Se il M5s considera il Parlamento da buttare, perché vuole la presidenza della Camera?
In politica, per evitare un pericolo non è sufficiente limitarsi a descriverlo
Perché mai affidare la presidenza della Camera dei Deputati a un esponente di un movimento che sostiene il superamento della democrazia rappresentativa? Se lo chiede, con un classico interrogativo retorico, un parlamentare del Pd, il professore Stefano Ceccanti, esperto di Costituzione, leggi elettorali e sistemi parlamentari. Di primo acchito si può istintivamente convenire, né vale a rassicurare l’affermazione dell’auto proclamato premier Luigi Di Maio, che ha definito un luogo sacro il Parlamento che il M5s aveva paragonato, all’inizio della legislatura appena conclusa, a una scatola di tonno.
Eppure, dopo avere istintivamente solidarizzato con il professore Ceccanti, ci si può accorgere che qualcosa non va.
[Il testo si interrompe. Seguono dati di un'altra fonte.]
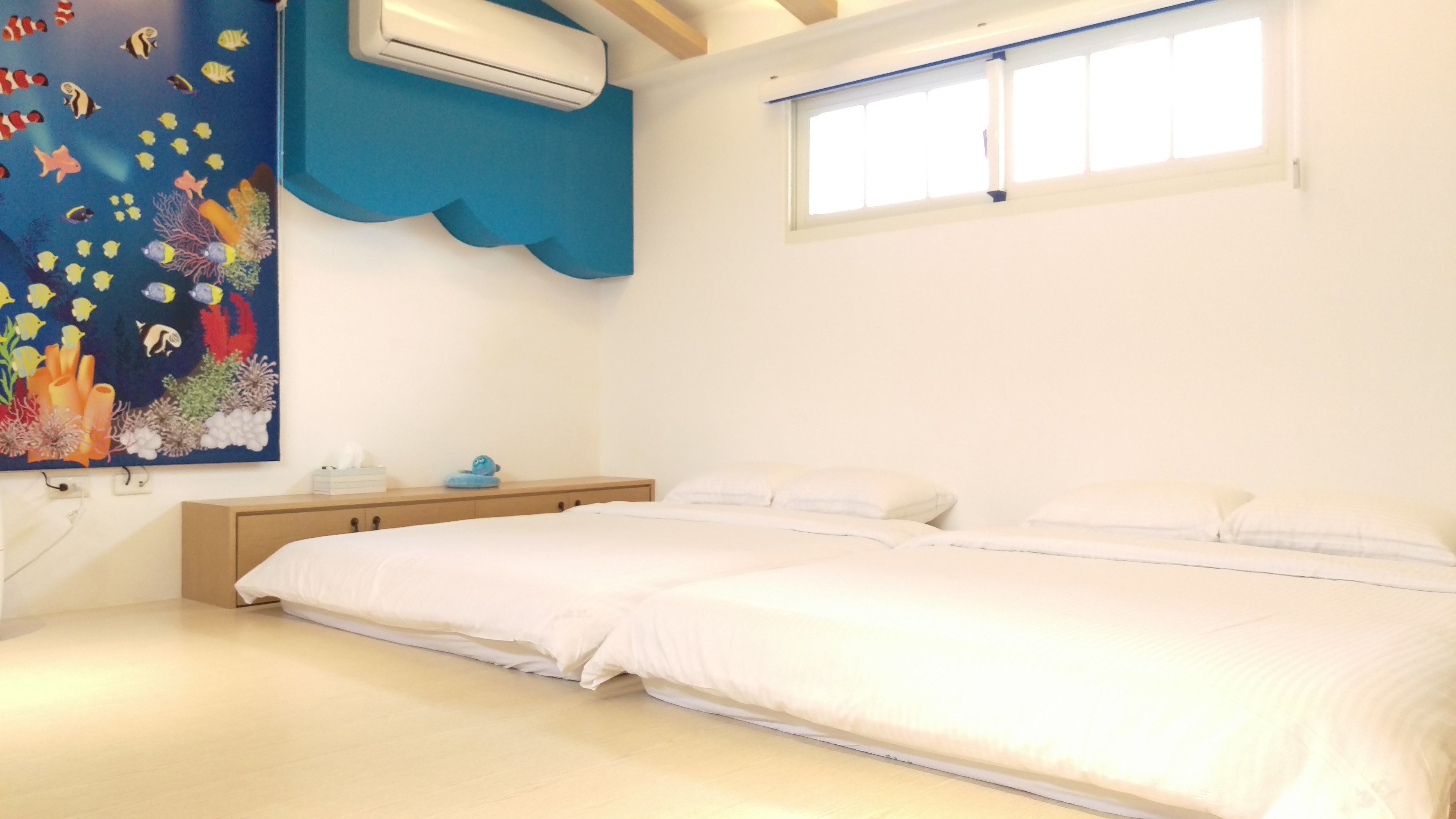 A bedroom with a bed, a nightstand, a wall-mounted air conditioner, a window, and a colorful painting of marine life.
Per esempio che lo stesso ragionamento potrebbe essere, a rigor di logica, applicato non solo allo scranno più alto ma anche a quello più defilato dell’Aula. In parole povere, se pensi che sia qualcosa da buttare come una scatola di tonno vuota, perché dovresti entrarci? Ma le democrazie non funzionano così. Devono avere i criteri di rappresentanza e di scelta più ampi e liberi sia possibile. Su questo, c’è da essere certi, anche il professore Ceccanti conviene. Dunque con quelle parole intende far sapere che se la forza democratica dei numeri produrrà quel risultato non sarà stato lui a renderlo possibile. Benissimo. Il problema sta nell’esperienza di come, nella politica, per evitare un pericolo non sia sufficiente limitarsi a descriverlo, come invece possono permettersi giornalisti e professori.